Task item. For the data below, restate word for word only the lines from the line containing "Для ноутбука 2GB" through the line containing "Wholesale Halloween Pumpkin", both ends included.

Available data.

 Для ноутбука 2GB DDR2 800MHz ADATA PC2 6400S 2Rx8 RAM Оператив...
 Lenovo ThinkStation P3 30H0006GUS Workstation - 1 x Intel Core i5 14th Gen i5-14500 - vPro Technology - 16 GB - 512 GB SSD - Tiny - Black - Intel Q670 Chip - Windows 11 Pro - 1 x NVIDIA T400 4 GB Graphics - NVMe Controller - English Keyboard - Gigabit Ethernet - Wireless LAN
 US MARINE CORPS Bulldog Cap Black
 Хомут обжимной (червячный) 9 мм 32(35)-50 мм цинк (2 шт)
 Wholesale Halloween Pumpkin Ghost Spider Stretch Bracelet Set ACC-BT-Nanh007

==

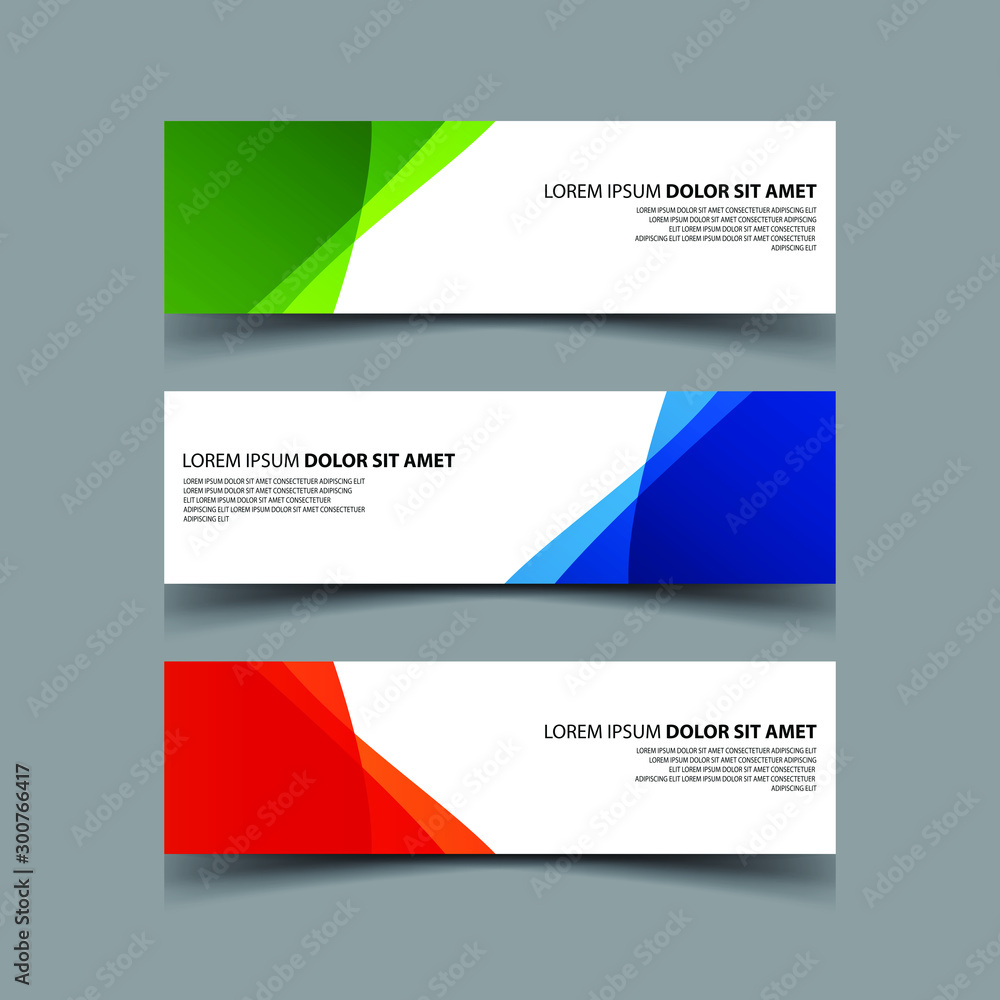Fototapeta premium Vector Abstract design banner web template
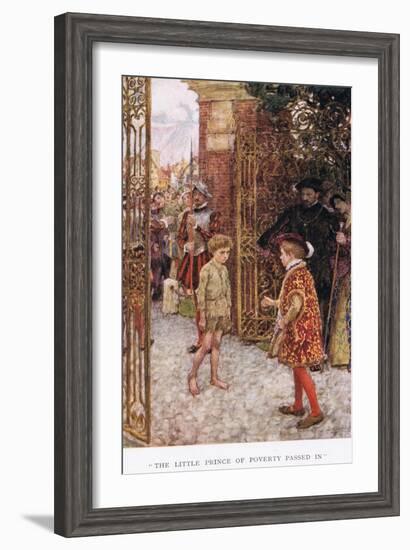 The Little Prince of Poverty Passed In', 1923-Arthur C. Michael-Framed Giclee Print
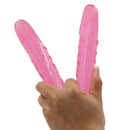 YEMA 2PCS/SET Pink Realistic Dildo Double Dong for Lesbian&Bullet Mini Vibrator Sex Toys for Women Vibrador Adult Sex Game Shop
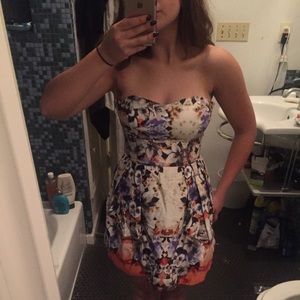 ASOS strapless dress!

Result below.
 Для ноутбука 2GB DDR2 800MHz ADATA PC2 6400S 2Rx8 RAM Оператив...
 Lenovo ThinkStation P3 30H0006GUS Workstation - 1 x Intel Core i5 14th Gen i5-14500 - vPro Technology - 16 GB - 512 GB SSD - Tiny - Black - Intel Q670 Chip - Windows 11 Pro - 1 x NVIDIA T400 4 GB Graphics - NVMe Controller - English Keyboard - Gigabit Ethernet - Wireless LAN
 US MARINE CORPS Bulldog Cap Black
 Хомут обжимной (червячный) 9 мм 32(35)-50 мм цинк (2 шт)
 Wholesale Halloween Pumpkin Ghost Spider Stretch Bracelet Set ACC-BT-Nanh007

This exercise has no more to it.